O ano de 2014 não começou bem para a economia brasileira. Aliás, 2013 terminou mal. Portanto, o que vemos é apenas a continuação do que se vê há mais de doze meses. Depois da agência de classificação de risco Moody’s falar mal do Brasil na metade de 2013, dessa vez foi a Standard & Poor’s que demonstrou desconfiança. Isso será assunto por muitos dias e, com certeza, ouviremos explicações do governo de que “eles” continuam não entendendo a mudança social produzida no país.
Em matéria de economia as opiniões são tão diversas e tão apaixonadamente defendidas como a escalação da Seleção Brasileira às vésperas de Copa do Mundo, com o agravante de que até se pode concordar com os convocados, mas o esquema tático varia de acordo com cada opinião.
Como já tive oportunidade de afirmar aqui, a economia é uma ciência social, sem a possibilidade de testes em laboratórios e onde as condições normais de temperatura e pressão duram não mais do que alguns dias.

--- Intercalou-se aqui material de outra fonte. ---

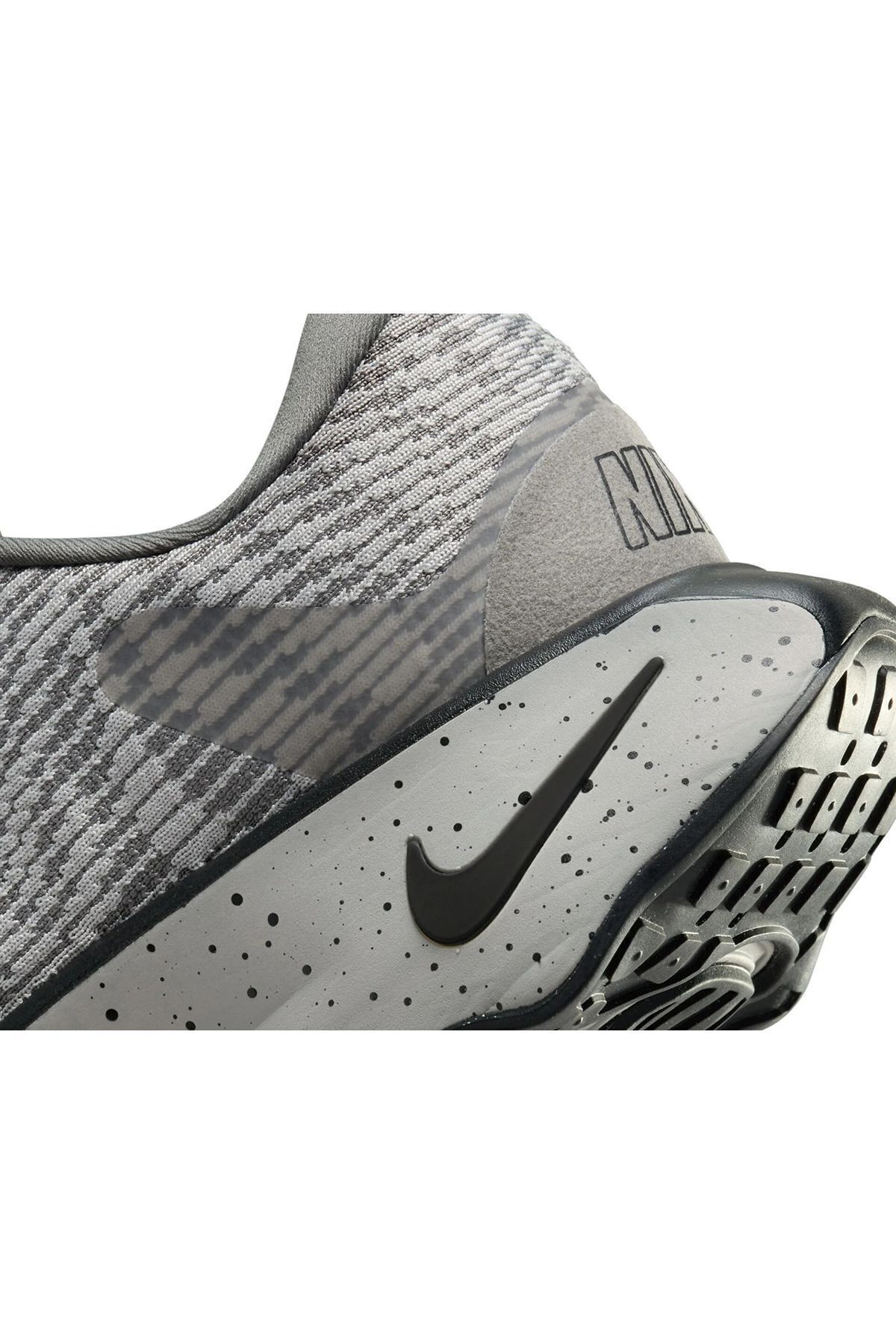 Nike-Pantofi de mers pentru bărbați Motiva 2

Assim para não recuarmos muito no tempo e nem nos aprofundarmos nas condições políticas do país, me limitarei aos principais problemas que afligem atualmente nossa economia. Sabemos que a passagem dos governos de FHC para o primeiro mandato de Lula se deu sob a égide de um tripé que estava caminhando bem: perseguição a uma meta inflacionária de 4,5%aa com 2 pp de tolerância para cima ou para baixo; câmbio flutuante, e meta de 3,1% do PIB de superávit primário. Muito mais do que uma fórmula, esses pontos colocavam o país dentro do radar de investimentos internacionais.

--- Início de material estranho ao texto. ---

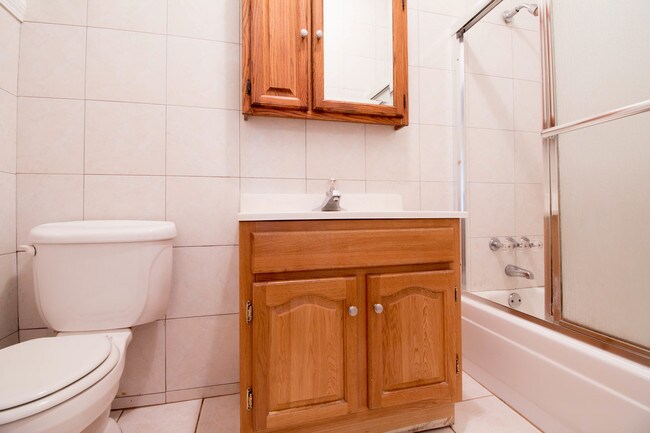 Foto del edificio - 6088 69th Ave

Da metade para o final do segundo mandato de Lula, já com o ministro Guido Mantega à frente da pasta da Fazenda e em meio a maior crise econômica mundial desde 1929, o governo optou por uma mudança radical deste tripé, em vez de ajustá-lo aos acontecimentos. Não cabe aqui julgamentos econômicos profundos e sim uma análise rápida de que um projeto de poder estava em jogo e medidas de curto alcance econômico mas de largo espectro eleitoral passaram a ser o foco do governo. E o momento não se prestava de forma alguma a esse tipo de aventura.

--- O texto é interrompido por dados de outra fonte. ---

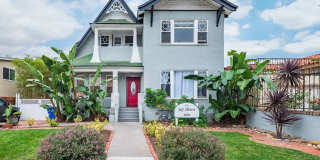 Ivy House Charmer! Gallery 1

Fazendo menção à figura do equilibrista de pratos no circo, e ao fato de que as condições econômicas se alteram depressa, o governo começou lentamente a modificar parâmetros que hoje se mostram problemáticos e de solução de médio e longo prazo somente à custa de muita disciplina, característica pouco incentivada nos nossos governos.
Começo pela inflação: já tive oportunidade de dizer que houve abandono da meta e agora só se pretende mantê-la abaixo de 6,5%aa, algo temerário, pois preços administrados (tarifas públicas) têm reajustes contratuais, logo o que não é dado em um período, se acumula para o seguinte, deixando muito pouco espaço para o imponderável (choques de oferta de alimentos, por exemplo). Dessa forma, em 2013 o governo encerrou o quarto ano consecutivo com inflação próxima a 6%aa mesmo sem conceder reajustes dos transportes públicos e colocando na conta do Tesouro o reajuste da energia elétrica. A contrapartida seria uma redução das despesas de custeio dos governos municipais, estaduais e federal. Não foi o que se viu. Logo, os preços livres ficaram acima de 6%aa, pressionando salários e a indústria, que se viu obrigada a reduzir investimentos. Remédio dado: aumento dos juros, que continuará em 2014.
Ao falar do câmbio flutuante, devemos recuar a 2012 quando o Banco Central fez um esforço grande para desvalorizar o real, a fim de melhorar a situação da indústria que sofria com crescimento das importações e queda nas exportações, e principalmente perda de competitividade. Já se sabia que não seria apenas essa variável que modificaria o panorama da indústria. Logo o que se viu, e se vê, é uma desarrumação de preços relativos, com a desvalorização do real pressionando a inflação, e a indústria ainda com os mesmos problemas, como baixa produtividade e problemas de infraestrutura.
Finalmente, as metas de superávit primário foram demolidas pelo governo federal de maneira insana. Primeira manobra: lançou-se mão da “contabilidade criativa”, que resultou em perda de credibilidade internacional, e “secou” fontes de recursos, como dividendos do Banco do Brasil e da Eletrobrás. Segunda manobra, retirar uma fatia muito grande da meta em nome de investimentos do PAC. Esses investimentos não estão sendo feitos conforme pareceres do Tribunal de Contas da União. Terceira manobra, reduzir a meta de superávit. Em nenhum momento, foi considerada a hipótese de redução de despesas. E finalmente a quarta manobra: retirar a obrigatoriedade de recompor déficits de municípios e estados. Mesmo com tudo isso a parca meta foi alcançada por receitas extraordinárias de Refis e bônus do Campo de Libra, que não se repetirão.
A conclusão é que se o governo conseguir levar 2014 em “banho-maria” entregará ao próximo presidente, seja lá quem for, uma economia totalmente desarrumada em seus preços relativos, finanças públicas e contas externas. Nem sendo otimista, nem sendo repetitivo nos assuntos, temos possibilidades melhores do que uma economia que perderá mais espaço nos próximos anos, não só entre os chamados emergentes, como também entre os desenvolvidos que já enxergam melhoras no médio prazo.
Se quiserem aprofundar as discussões temos o problema Petrobrás, o problema BNDES e as falsas promessas de investimentos com os leilões de concessões que produzirão algo para o país a partir de 2015, se este ano não for jogado fora. É muito problema. É muito “se”. É muita fome de votos.